実際には、転倒・衝突・誤飲・指挟みなど、室内での事故も多く発生しています。
この記事では、年齢や環境に応じた「室内遊びの安全チェックポイント」を具体的に解説し、日々の安全管理や指導の参考になる内容をご紹介します。
室内遊びで起きやすい事故の種類
子ども家庭庁の「教育・保育施設等における事故報告集計」や消費者庁の事例をもとに、以下のような事故が報告されています。
事故の種類 | 主な内容 | 事例 |
---|---|---|
転倒 | マット・敷物のめくれ、ブロックにつまずく | ブロック遊び中に走り、おでこを打撲 |
衝突 | おもちゃの取り合い・狭い動線でのぶつかり | 室内追いかけっこ中に棚の角へ顔を打つ |
誤飲 | 小さなおもちゃ・紙くず | 製作の紙片を丸めて飲み込む |
指挟み | ドア・引き出し・収納ケース | 棚を開けようとして指を挟む |
落下 | 遊具・椅子・段差 | 椅子に立ち上がってジャンプし転倒 |
年齢別に見るリスクと対策
年齢 | リスクの特徴 | 対策例 |
---|---|---|
0~1歳児 | はいはい・つかまり立ちでの頭部打撲、誤飲 | マットの設置、誤飲チェッカーを用いた物の確認 |
1~2歳児 | 動きが活発になり転倒やぶつかりが多発 | 遊ぶスペースと歩行エリアを分ける |
3~5歳児 | ごっこ遊びでテンションが上がりやすい、周囲への配慮が未熟 | 活動範囲を示すテープやマットで「見える化」 |
遊びごとの安全チェックポイント
ブロック遊び
- 床に広がったブロックで転倒しやすい
- 誤飲の危険があるサイズ(3cm以下)を排除
- 片付けタイミングを明確にする(時間・音など)
ごっこ遊び(キッチン・病院・電車など)
- おもちゃの小物(コイン・お皿など)を定期点検
- ごっこ遊びエリアを限定し、動線を確保
- フェルト・布素材の活用で衝突リスク軽減
リズム・運動あそび
- ジャンプや回転を伴う場合、マットや柔らかい床を使用
- 窓・角・照明に注意(危険物から1.5m以上離す)
- 「1人ずつ交代制」などルールを設定し混雑を防ぐ
製作遊び
- はさみ・のり・クレヨンなどの素材確認(破損・汚損・劣化)
- 小さい紙片の誤飲に注意
- 席の間隔を広めにとり、肘同士がぶつからないよう配慮
室内環境・設備のチェックリスト
項目 | チェックポイント |
---|---|
家具の角 | コーナーガードがついているか |
床・マット | ズレ・めくれがないか、清潔か |
扉・引き出し | 指挟み防止の工夫(クッション・ロック) |
棚・収納 | 倒れ防止の固定がされているか |
玩具 | 年齢に合っているか/破損・欠けがないか |
照明・壁 | 割れ・突起・配線がむき出しでないか |
以下からチェックリストのPDFダウンロードができます。
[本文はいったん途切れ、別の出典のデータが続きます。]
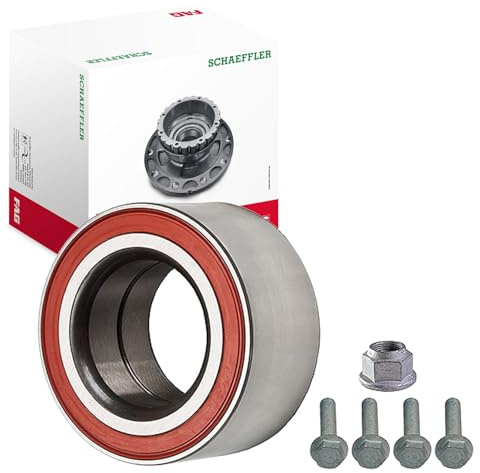 LUK 713612280 Wheel Bearing Kit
日々の安全管理にご活用ください。(※保育園や家庭でのご利用以外での転用はお控えください。)
保育者の関わりと安全意識
- 子どもに「注意する」ではなく「事故が起きにくい動き方」を伝える
- 指導だけでなく、保育者自身が見せる行動のモデル(座って使う・落ち着いた声)が効果的
- 「遊びが始まる前の安全確認」→「遊びの最中の声かけ」→「終わった後の振り返り」を日課に
まとめ|安全な環境が自由な遊びを生み出す
子どもの自由な発想や活動は、安心できる環境があるからこそ伸びます。
事故を防ぐことは、「制限」ではなく「子どもがのびのび遊べる空間を確保する」ための準備です。
チェックリストや日々の観察を通して、安全な室内環境をつくっていきましょう。